Кто-то запел старинный духовный стих. Мелодия была простая, заунывная, но в её повторах была какая-то гипнотическая сила. Сергей слушал, и странное чувство покоя, которого он не знал со времён детства, стало опускаться на него. Здесь не было бешеной энергии Костина, здесь была тишина и глубина. Идея «особого пути» обретала плоть не в политических лозунгах, а в этой тихой печали, в этой вере в сокровенную, неиспорченную суть народа.
После пения завязалась беседа. Говорили о древнерусской литературе, о народных обычаях, о вреде крепостного права, которое, по мнению Сурового, было таким же чуждым, петровским изобретением, исказившим патриархальные, но справедливые отношения барина и мужика.
– Вы, Сергей Николаевич, изволили быть у западников? – вдруг спросил Суровый, его умные глаза мягко смотрели на гостя.
– Был, – признался Сергей.
– И что же?
– Они зовут вперёд. К разуму, к прогрессу, к Европе.
– А мы зовём… домой, – сказал Суровый. – Не назад, а внутрь. К самим себе. Не строить вавилонскую башню конституции, а отыскать в себе тот краеугольный камень веры, на котором всё и стояло. Подумайте об этом.
Возвращался Сергей затемно. Два голоса звучали в нём, споря, перебивая друг друга.
Голос Костина, резкий, убедительный: «Разум! Прогресс! Дело!
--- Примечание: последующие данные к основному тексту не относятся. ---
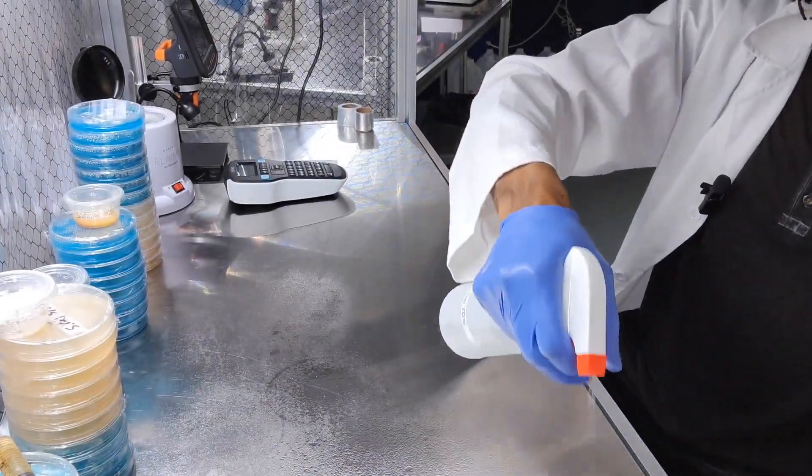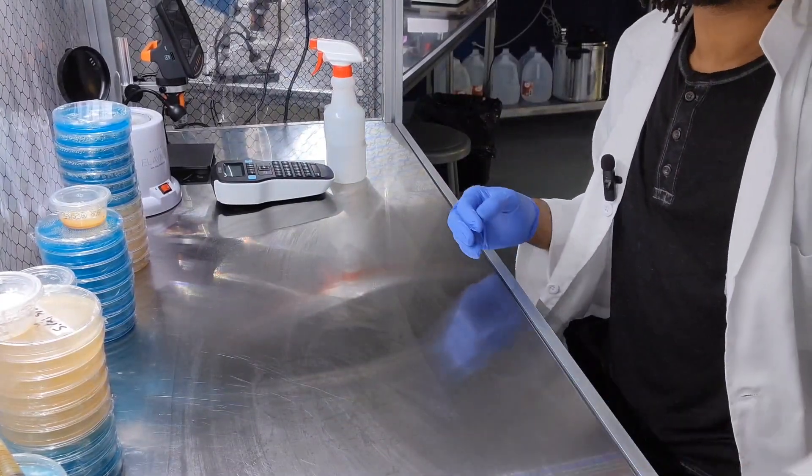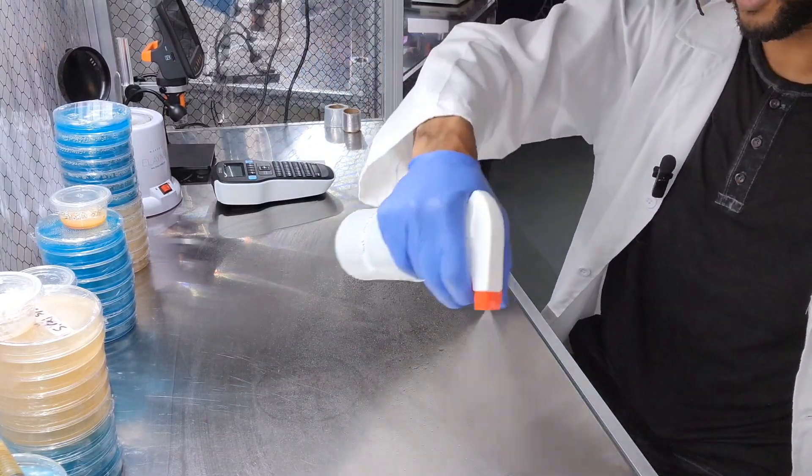So last time we inoculated a few plates, and we also did some secret plates in the background just to surprise you guys today because they're pretty cool. I can see just from looking over at the table that they came out pretty good. So let's go dive into the flow hood. I'm going to grab some isopropyl — 70% — I like to spray again just for good measure.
Европа!»
Голос Сурового, тихий, настойчивый: «Вера! Почва! Возвращение! Соборность!»
Он шёл по московской улице, и ему казалось, что он разорван пополам. Каждая сторона говорила убедительно. Каждая указывала путь. Но выбрать один означало отвергнуть другой. А в глубине души шевелилось подозрение, что и та, и другая правда были слишком красивы, слишком закончены, чтобы быть абсолютными.
«Кто прав? – думал он, глядя на тёмные очертания церковных глав против вечернего неба. – Те, кто зовёт вперёд, к свету европейской мысли? Или те, кто зовёт назад, к тишине родных корней? И есть ли назад дорога? Или это путь в тупик? И вообще… тот ли это выбор?»
У него не было ответа. Была только усталость и чувство, что его внутренняя пустота, которую он надеялся заполнить великой идеей, оказалась лишь шире и бездоннее. Идеи были. Их было даже слишком много. Но какая из них станет не просто мыслью, а делом, за которое не страшно? Этого он не знал.
IV
Зима выдалась студёной и затяжной. Сергей метался между двумя кружками, как маятник. В квартире Костина он дышал воздухом бунта и надеялся обрести твёрдую почву под ногами в логике и историческом прогрессе. В доме Сурового он искал успокоения, той тишины, в которой, казалось, можно было услышать голос собственной души, не искажённый чужими учениями. Но ни там, ни здесь он не находил окончательного примирения. Он всё больше становился не участником, а наблюдателем, аналитиком, отмечающим сильные и слабые стороны каждой доктрины. Слово «дело», которое так горячо произносил Костин, оставалось для него абстракцией.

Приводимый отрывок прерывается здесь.